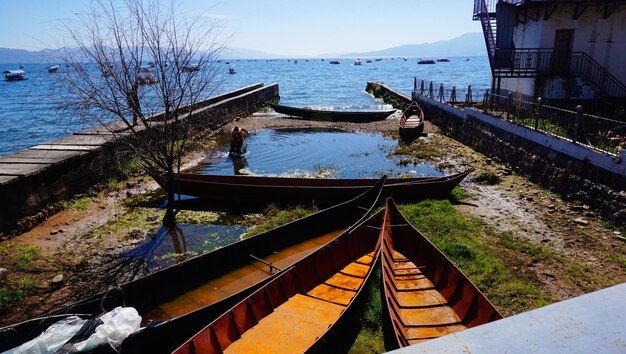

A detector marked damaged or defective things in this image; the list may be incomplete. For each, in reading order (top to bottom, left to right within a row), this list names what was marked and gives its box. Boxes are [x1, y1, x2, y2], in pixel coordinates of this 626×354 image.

rusty metal boat [154, 169, 470, 207]
rusty metal boat [400, 100, 424, 145]
rusty metal boat [0, 180, 386, 354]
rusty metal boat [173, 209, 382, 352]
rusty metal boat [378, 198, 500, 350]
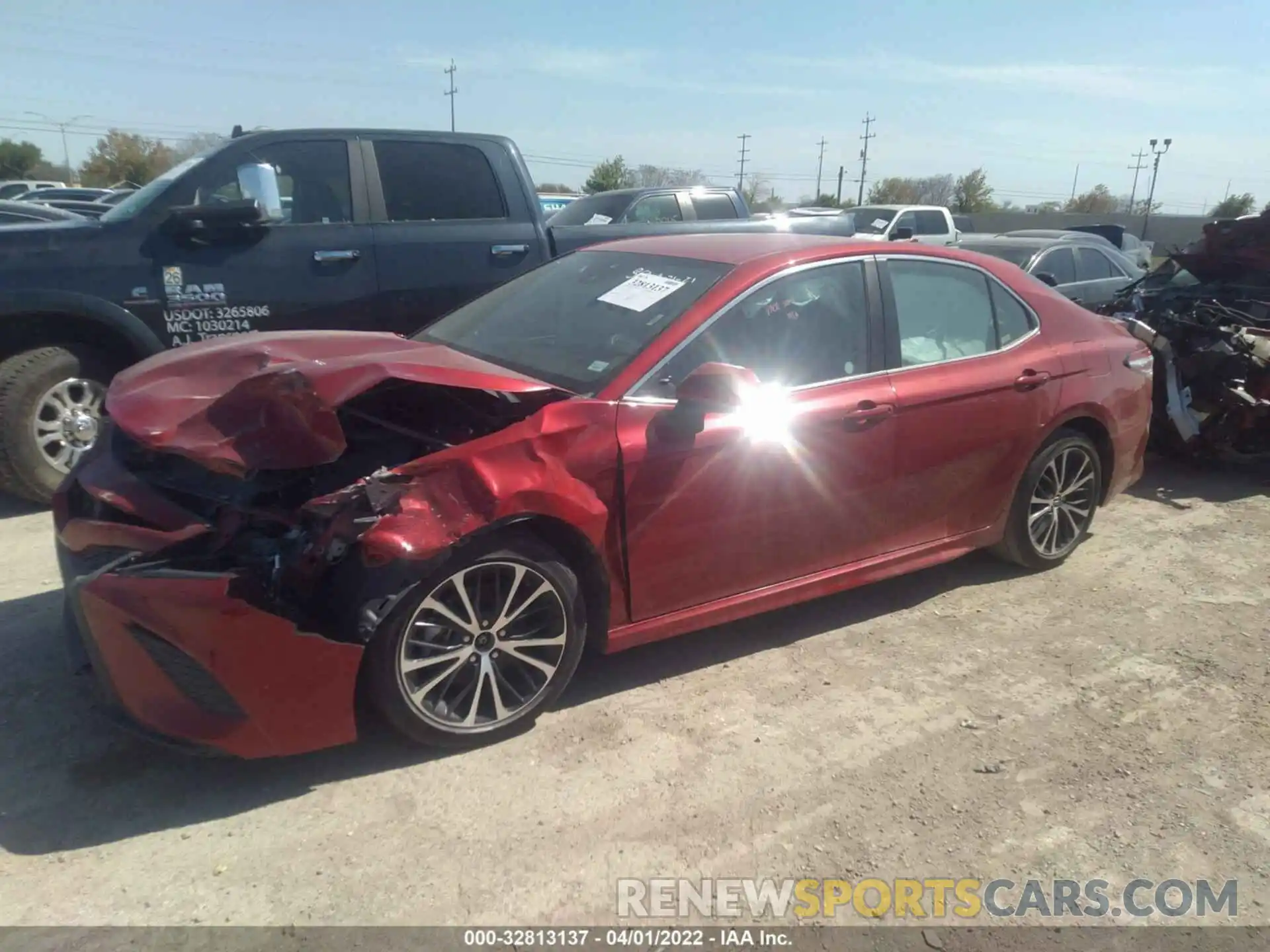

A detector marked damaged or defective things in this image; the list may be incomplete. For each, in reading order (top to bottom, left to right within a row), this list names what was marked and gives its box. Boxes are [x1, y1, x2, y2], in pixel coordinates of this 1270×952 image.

crumpled hood [106, 331, 564, 476]
front-end collision damage [54, 335, 619, 756]
wrecked vehicle [57, 233, 1154, 756]
wrecked vehicle [1101, 212, 1270, 460]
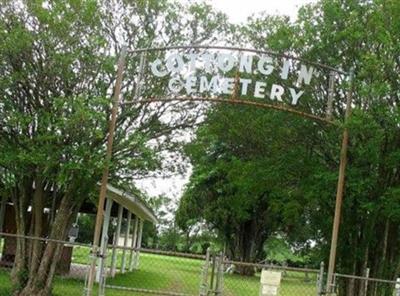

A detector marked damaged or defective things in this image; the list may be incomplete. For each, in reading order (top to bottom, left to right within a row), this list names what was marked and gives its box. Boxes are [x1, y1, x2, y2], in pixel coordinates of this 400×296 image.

rusted metal frame [127, 45, 346, 75]
rusted metal frame [123, 97, 336, 125]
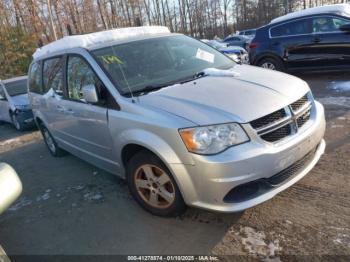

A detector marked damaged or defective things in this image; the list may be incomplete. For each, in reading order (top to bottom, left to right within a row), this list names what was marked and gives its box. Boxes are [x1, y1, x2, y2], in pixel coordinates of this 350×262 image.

rusty wheel rim [135, 164, 176, 209]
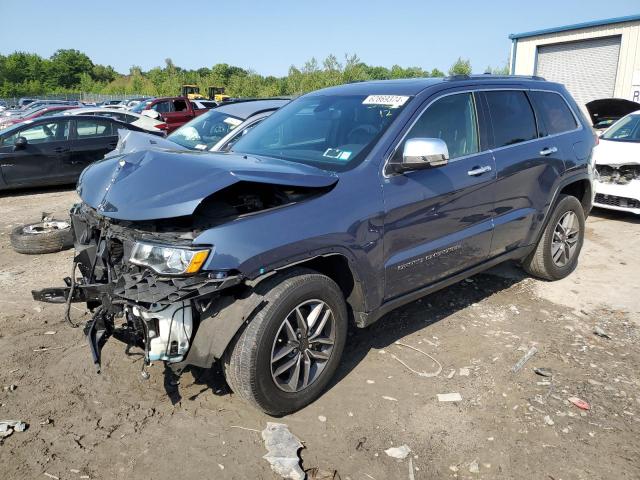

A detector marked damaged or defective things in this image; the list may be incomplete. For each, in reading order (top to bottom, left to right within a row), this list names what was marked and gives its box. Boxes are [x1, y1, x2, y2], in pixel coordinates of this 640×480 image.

crushed front end [33, 202, 242, 376]
dented hood [79, 148, 340, 221]
damaged suv [33, 77, 596, 414]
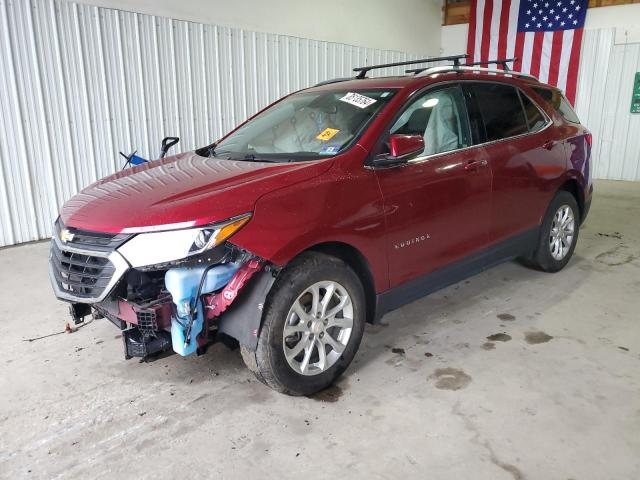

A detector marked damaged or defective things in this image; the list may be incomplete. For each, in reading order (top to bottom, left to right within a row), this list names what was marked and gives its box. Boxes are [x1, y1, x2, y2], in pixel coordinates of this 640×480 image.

damaged chevrolet equinox [51, 55, 596, 394]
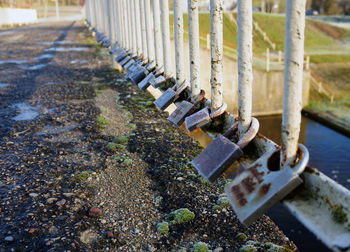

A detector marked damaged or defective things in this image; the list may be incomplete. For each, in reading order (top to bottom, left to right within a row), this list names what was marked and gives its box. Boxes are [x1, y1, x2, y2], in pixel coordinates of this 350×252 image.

rusty padlock [154, 79, 190, 110]
rusty padlock [167, 90, 206, 126]
rusty padlock [185, 102, 228, 132]
peeling paint on post [237, 0, 253, 136]
peeling paint on post [280, 0, 304, 169]
rusty padlock [191, 118, 260, 183]
rusty padlock [224, 144, 308, 226]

WHAT THE TASK ASKS:
Restate exactly the lines running from the line with "this 350×252 image." to the end of the entries above, both ends included.

FINISHED EXERCISE:
A detector marked damaged or defective things in this image; the list may be incomplete. For each, in reading order (top to bottom, left to right within a row), this list names what was marked and gives its box. Boxes are [x1, y1, x2, y2], in pixel coordinates of this 350×252 image.

rusty padlock [154, 79, 190, 110]
rusty padlock [167, 90, 206, 126]
rusty padlock [185, 102, 228, 132]
peeling paint on post [237, 0, 253, 136]
peeling paint on post [280, 0, 304, 169]
rusty padlock [191, 118, 260, 183]
rusty padlock [224, 144, 308, 226]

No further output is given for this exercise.